Ci si allontana da amici e a volte addirittura dai propri familiari. All’origine c’è anche una ragione pratica. Già nella vita di tutti i giorni, si fa fatica a stare dietro a lavoro, amici, famiglia, interessi personali. La giornata dovrebbe essere di 48 ore. E ancor più lunga dovrebbe essere durante il perseguimento di una gravidanza quando il tempo, le risorse economiche e mentali da destinare alla “causa” sono così imponenti che solo dei bravi acrobati, degli equilibristi riescono a restare in piedi.
Si fanno rinunce su vari fronti.

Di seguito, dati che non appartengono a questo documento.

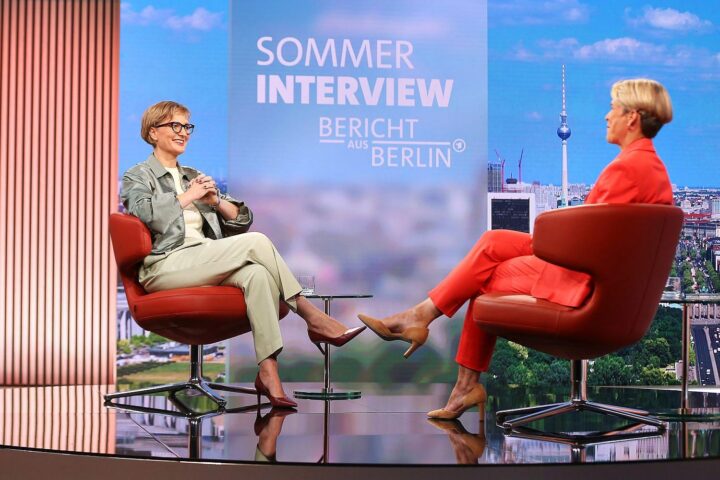 Franziska Brantner und Anna Engelke bei einem Auftritt, Foto vom 19.07.2026, dts.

Si mette la propria vita in pausa, in stand-by. Vacanze, cene fuori, gite anche di un solo weekend o lo shopping: ora tutto questo può, e deve, aspettare.
Soprattutto chi ha già in corso un programma di Procreazione Medicalmente Assistita, ha le giornate scandite da assunzioni di farmaci, controlli medici, iniezioni da effettuare in determinati orari. Ci sono poi le incognite: “Avrò effetti collaterali? Mi cambieranno terapia all’improvviso? Dovrò andare dal medico per altre prescrizioni? Quando avverrà il pick up? E quando mi chiameranno per il transfer?”.
In tale condizione, è altamente improbabile che si riesca a mantenere la mente sgombra e la serenità per affrontare qualsiasi altra attività.
Ogni donna ha una propria soglia di tolleranza agli eventi, quindi, compatibilmente con essa, senza forzarsi troppo, sarebbe giusto che si uscisse da questo circolo e si ricominciasse a prendere in mano le redini della propria vita. Pigiare il tasto PLAY insomma.
Questo vuol dire che mentre si cerca di realizzare il sogno di avere un bambino, si può, nel frattempo avere una vita da vivere perché i vuoti di cui ci si circonda nel frattempo, non saranno facilmente colmabili in futuro, con o senza bimbo in braccio.
La cosa che aiuterebbe di più nell’andare avanti a testa alta e in modo equilibrato sarebbe quella di parlare alle persone più care così da non vivere nella costante segretezza le proprie giornate. In tal modo non ci si sentirà più trattenute dal prender appuntamento con un’amica col rischio di doverlo disdire all’ultimo momento perché è stato fissato un controllo medico: se dovesse accadere, lei capirebbe (almeno si spera) e noi ci sentiremmo meno in colpa.
E magari quella gira fuori porta, organizziamola comunque. Se poi si dovrà annullare perché hanno programmato il pick up proprio in quei giorni, pazienza!
Pensare o fare altro è difficilissimo, chi ci è passato lo sa. Per gli uomini è un tantino più facile: non perché non ne soffrano, ma perché hanno un modo diverso di fronteggiare le avversità. Magari si buttano sul lavoro, o si sfogano in una partita di calcetto con gli amici.
Per la donna invece si crea un circolo vizioso che ruota tutto intorno al ciclo mestruale: si alternano momenti di euforia, ebrezza, con l’avvicinarsi dell’ovulazione, di sconforto con l’arrivo delle mestruazioni. Tutto il resto rimane cristallizzato: tutti gli interessi, passioni, affetti, diventano uno sbiadito ricordo. In alcuni casi, nella donna che continua a biasimarsi per i continui negativi, scatta, più o meno volontariamente, una sorta di autopunizione attraverso lo sciopero di tutte quelle attività che potrebbero produrre piacere.
Il pensiero dominante nella propria vita è solo il desiderio per quel figlio che non arriva e alcune donne sembrano rimanerne schiacciate soprattutto con l’accumularsi delle delusioni mese dopo mese. Il dolore diventa un’ancora che immobilizza. Non lasciate che questo vi trascini sul fondo. Salpare quell’ancora è l’unico modo per riprendere a navigare verso una realtà più autentica, e la traversata nonostante le tempeste che possono sorprenderci, può rivelarsi meno spaventosa.